(December 11, 2014)
Chaplain engages a broader audience for spiritual growth
SHREVEPORT, LA — Centenary College's United Methodist tradition has been part of the institution's story since its founding in 1825. Embodying the spirit of John Wesley, founder of the Methodist church, this tradition emphasizes scholarly inquiry, academic freedom, and spiritual growth.
Valerie Robideaux '03, Director of Professional Discernment and College Chaplain
For many students, the Centenary experience would not be complete without involvement in a religious group for personal growth and fellowship. Programs like the Christian Leadership Center; Stepping Stones, an ecumenical contemporary worship service; United Methodist Student Movement; and Fellowship of Christian Athletes have nurtured students' sacred belief systems for years. However, not every student or member of the Centenary community has come from a conventional faith tradition or is even comfortable enough with spirituality to have open and frank conversation. That is where Director of Professional Discernment and College Chaplain Valerie Robideaux '03 comes in.
"Our office is trying to engage a broader audience," says Robideaux. "My goal as Chaplain is to be present and make myself available to anyone regardless of their identity or what they believe."
Robideaux has recently launched two new programs, Theology on Tap and the upcoming Spill Your Ink event, to engage new participants and encourage them to grapple with difficult questions.
"Seen in many other denominations, Theology on Tap is our Centenary event where anyone 21 and older can meet in a group with me and enjoy meaningful conversation over a beverage," said Robideaux, who has invited participants to bring their "IDs and cash - plus questions, frustrations, and observations regarding theology" to the past two events. "It's an effort to say, 'Look you can have informal conversations with your pastor.' We are trying to make those conversations more accessible and everyday, and model that people can have these conversations just by gathering with friends."
Robideaux explains that spiritual growth does not have to be limited to sitting in a pew, listening to messages and never asking questions.
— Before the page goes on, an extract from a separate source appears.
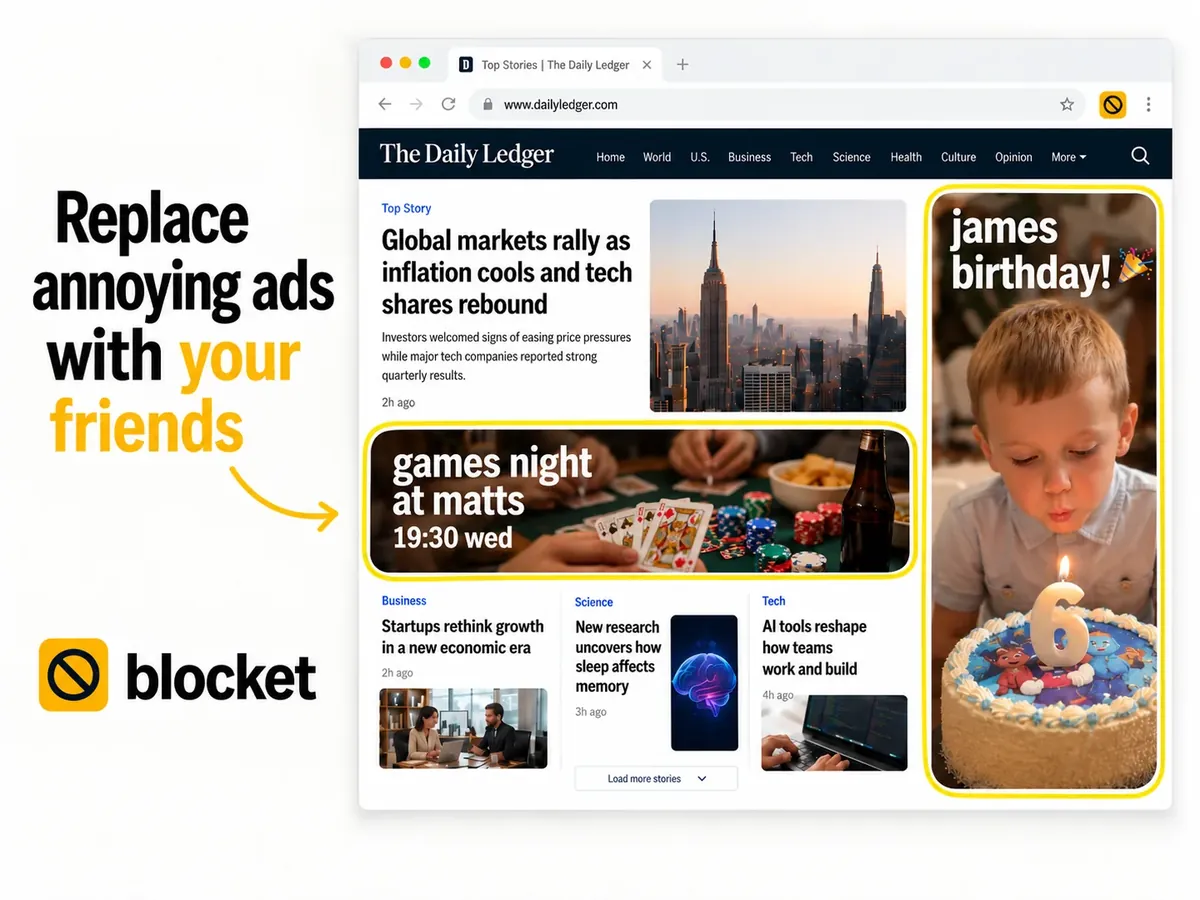 Replace annoying ads with your friends: a news site showing games night at matts 19:30 wed and james birthday! where the ads were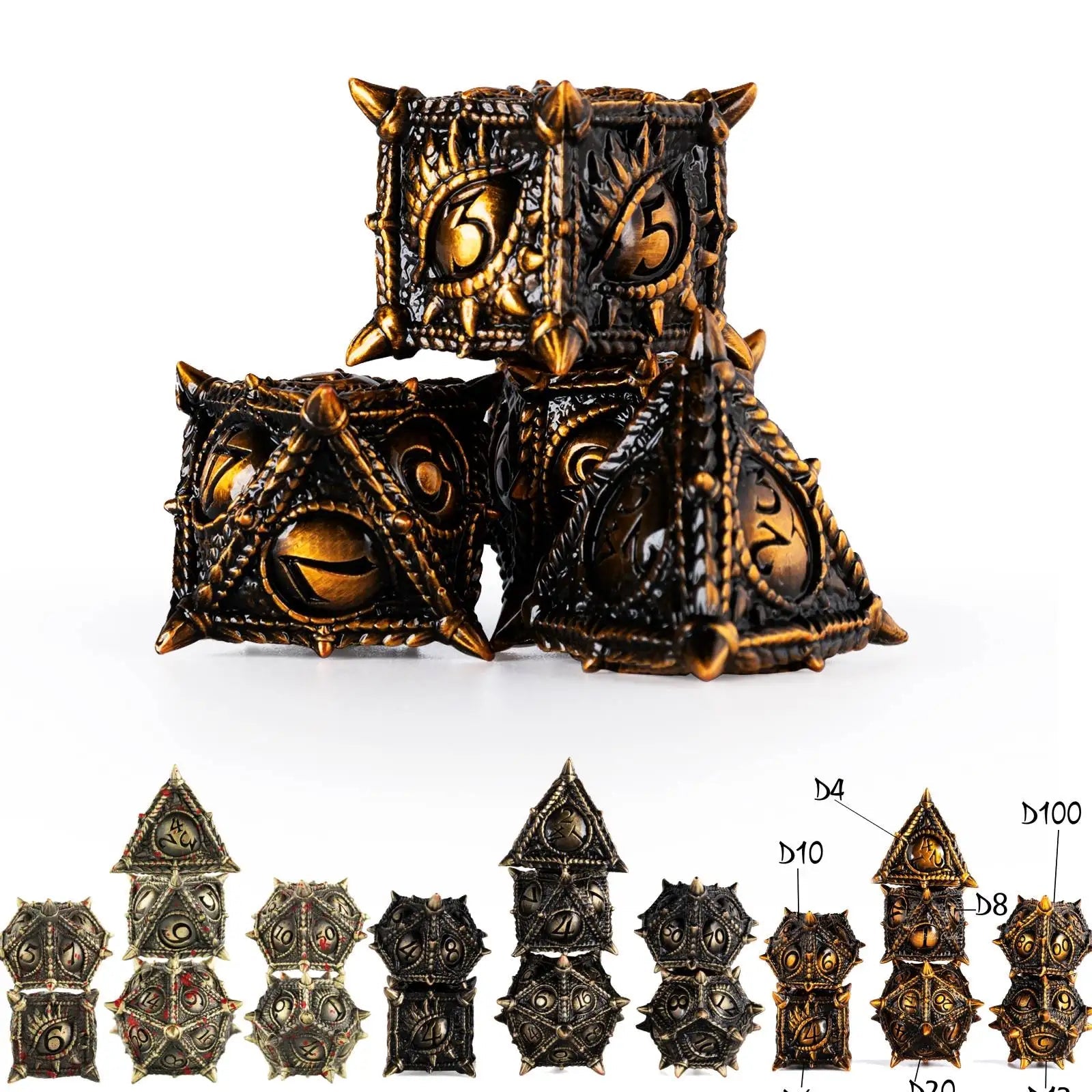 RPG DND Dice Set 7PCS Metal Dnd Dices Board Game Dungeon and Dragons Dice D&D Dice Set dnd game Polyhedral Bronze Blood Dice d20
Instead, exploring religiosity can be an exchange. A more informal setting also sends the message that people can loosen up when having such discussions. The next Theology on Tap gathering is scheduled for January.
Another exciting and unique event, Spill Your Ink, will take place Monday, February 2, 7-9 p.m. in a coffee-house styled Kilpatrick Auditorium . Students can share music and be part of an "open mic" set-up to explain their tattoos or body art.
"Spill Your Ink will have the same goals as Theology on Tap," said Robideaux. "It will be an event where you can bring your full self; you don't have to hide your tattoos or body art which often point to a higher principle and are symbolic of religious identity or spirituality."
Assistant Professor of Religious Studies Dr. Spencer Dew will also share more information about religious identity through bodily expression across the globe.
Both these events are open to students, faculty, and staff of any and all faith traditions, agnostic, or atheist.
"Having these conversations and learning about other ideologies prepares our students for a larger reality," said Robideaux. "We are moving away from just sitting in our communities and neighborhood churches where people look just like us. This generation of students isn't interested in that anymore. Our students are expanding their circles to be leaders in the world."